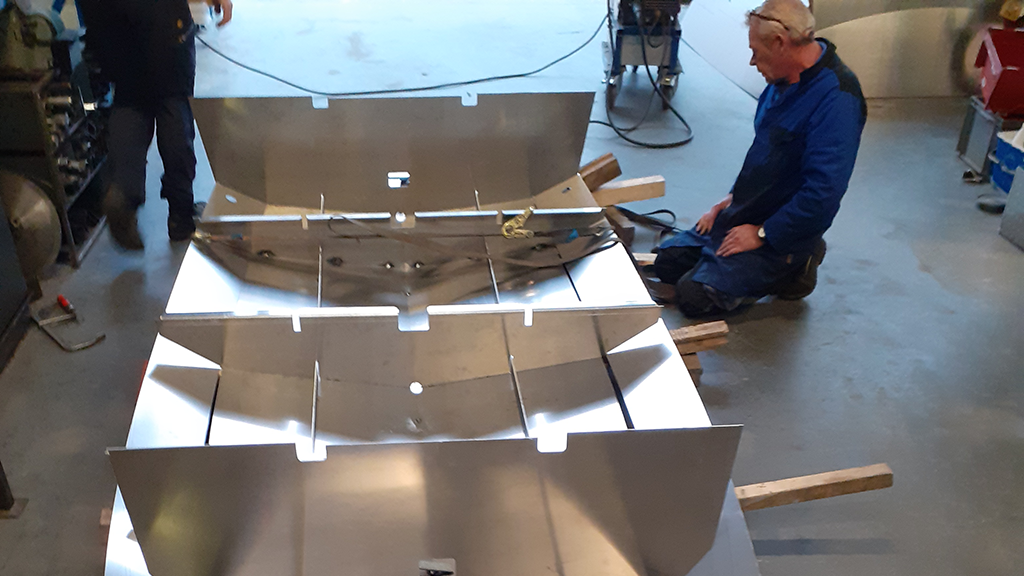 Bouw van de boeg van een aluminium SloepYes sloep bij VosTo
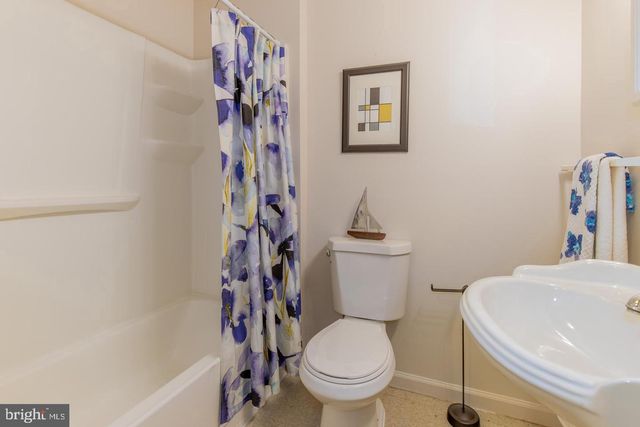 2024 EVANSDALE DR, Hyattsville, MD 20783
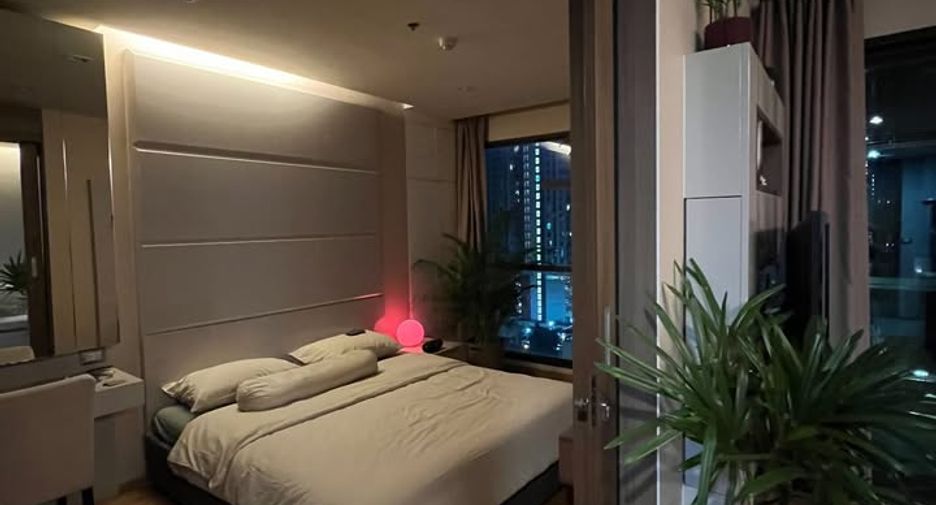 For rent 1 bed condo in Sathon, Bangkok
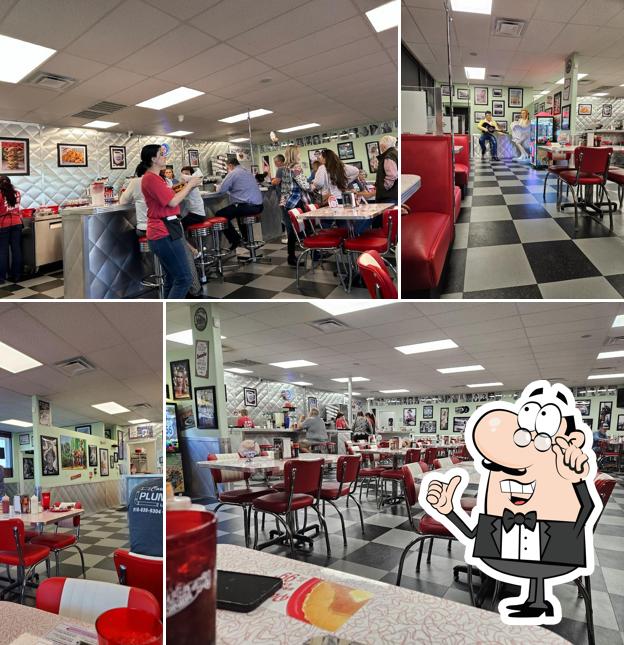 Boomarang Diner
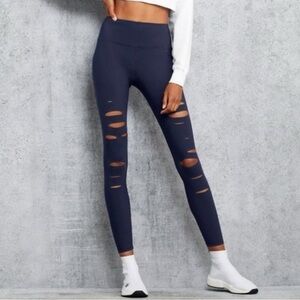 ALO Yoga High Waist Ripped Warrior Legging in Navy Size S
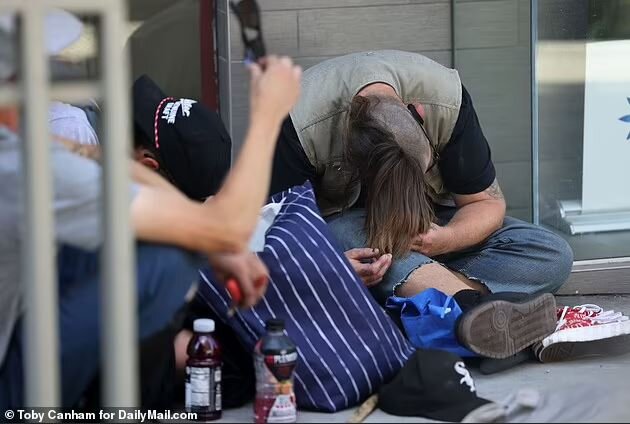 تصاویر شوکهکننده از جولان بیخانمانها در لسآنجلس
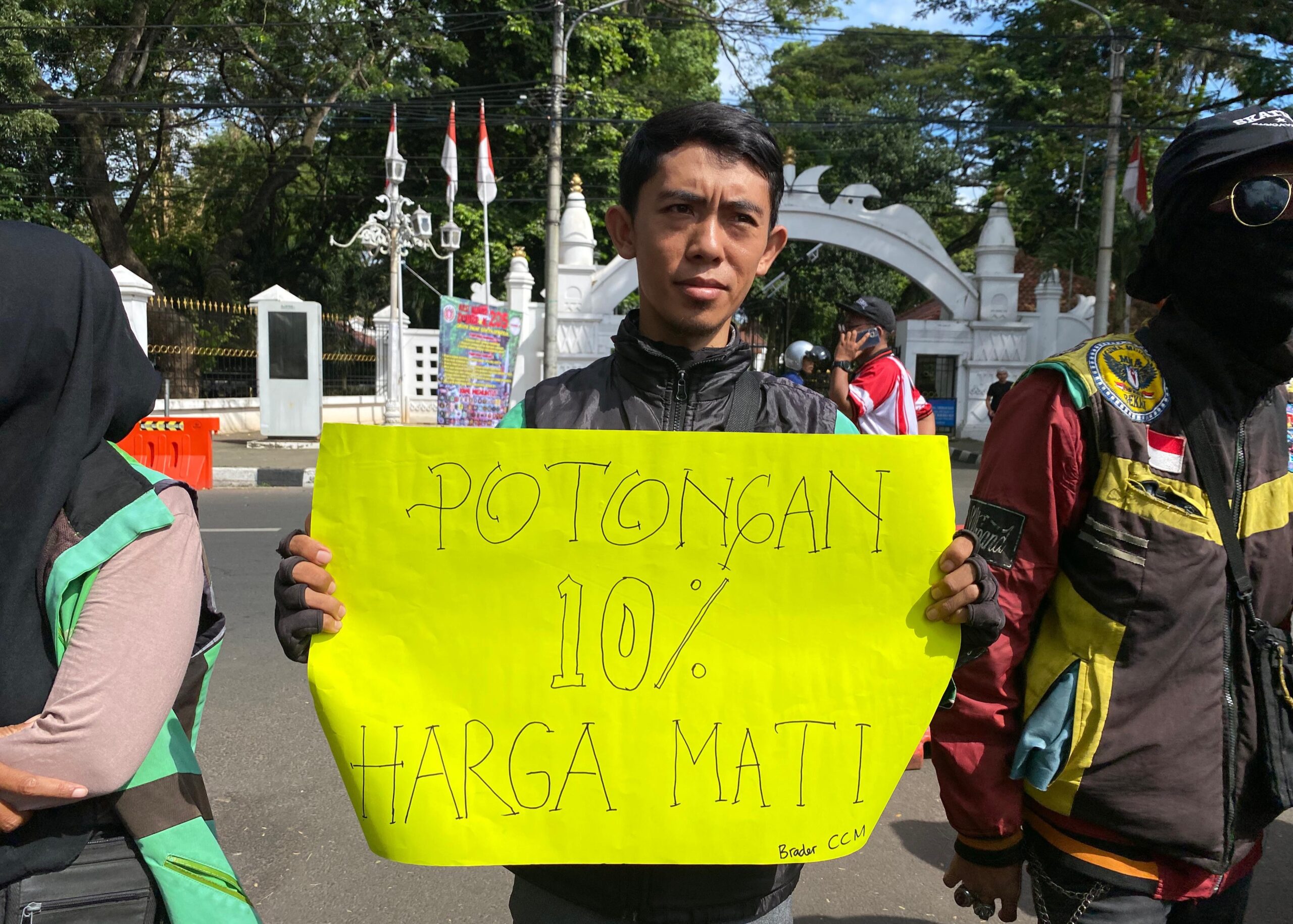 Ratusan Buruh Ojol di Banten Tuntut Jaminan Sosial hingga Relaksasi Pajak 2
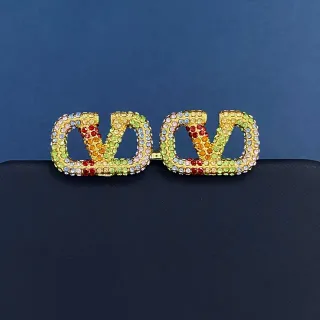 Joias de cristal multicolor pavé de tom dourado com motivo V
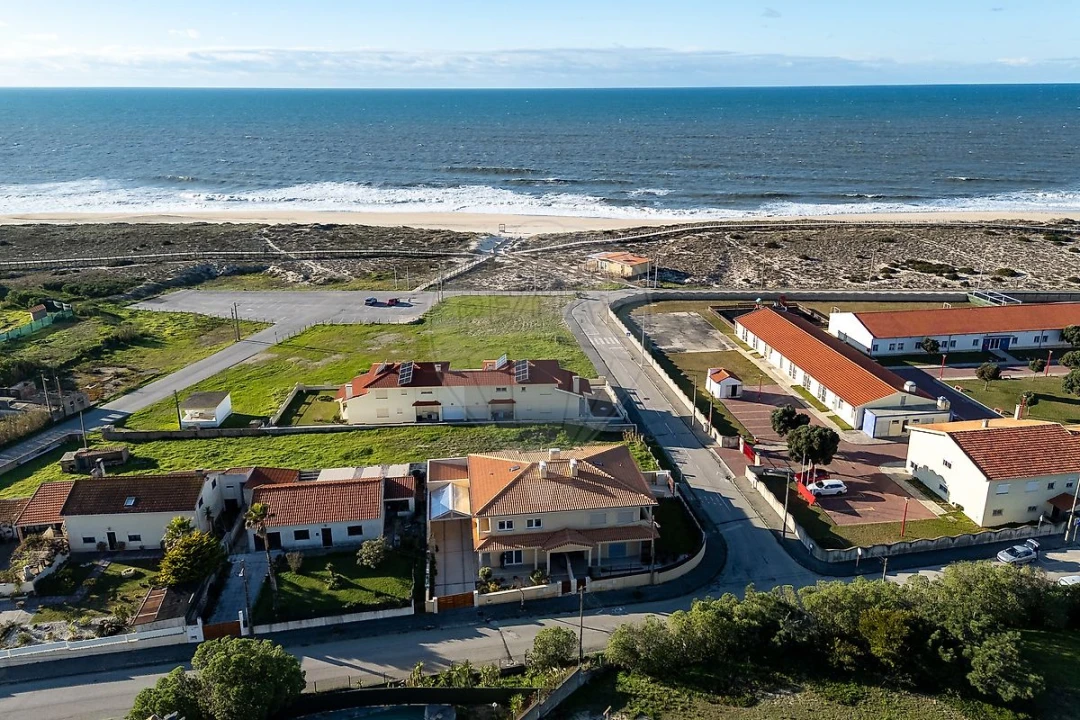 Moradia T4 para Venda em Quiaios Foto 1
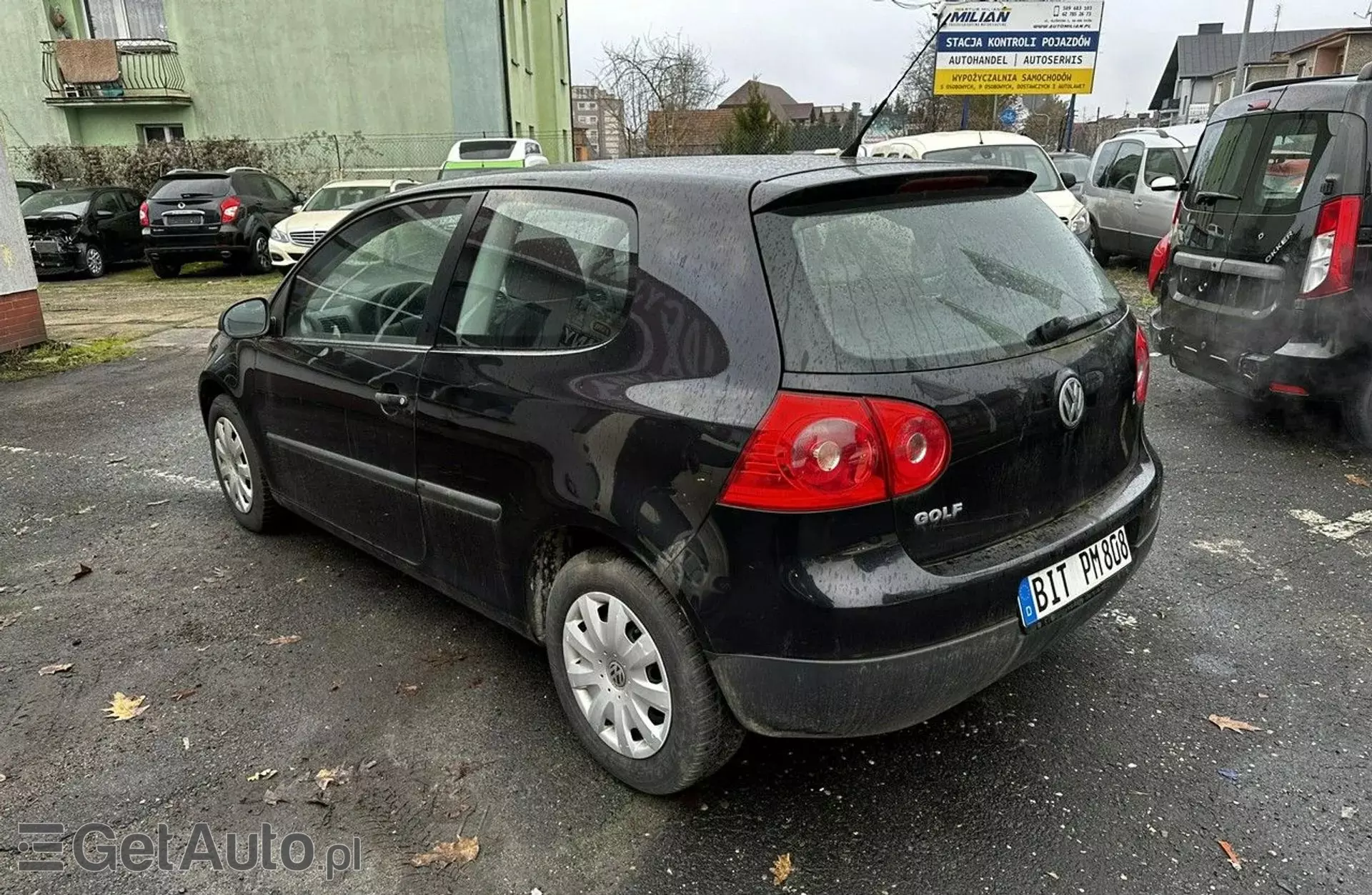 VOLKSWAGEN Golf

-.-.-

#### Work instructions
Please write out all of the data verbatim, with no pictures in the copy.

#### Written reply
 Bouw van de boeg van een aluminium SloepYes sloep bij VosTo
 2024 EVANSDALE DR, Hyattsville, MD 20783
 For rent 1 bed condo in Sathon, Bangkok
 Boomarang Diner
 ALO Yoga High Waist Ripped Warrior Legging in Navy Size S
 تصاویر شوکهکننده از جولان بیخانمانها در لسآنجلس
 Ratusan Buruh Ojol di Banten Tuntut Jaminan Sosial hingga Relaksasi Pajak 2
 Joias de cristal multicolor pavé de tom dourado com motivo V
 Moradia T4 para Venda em Quiaios Foto 1
 VOLKSWAGEN Golf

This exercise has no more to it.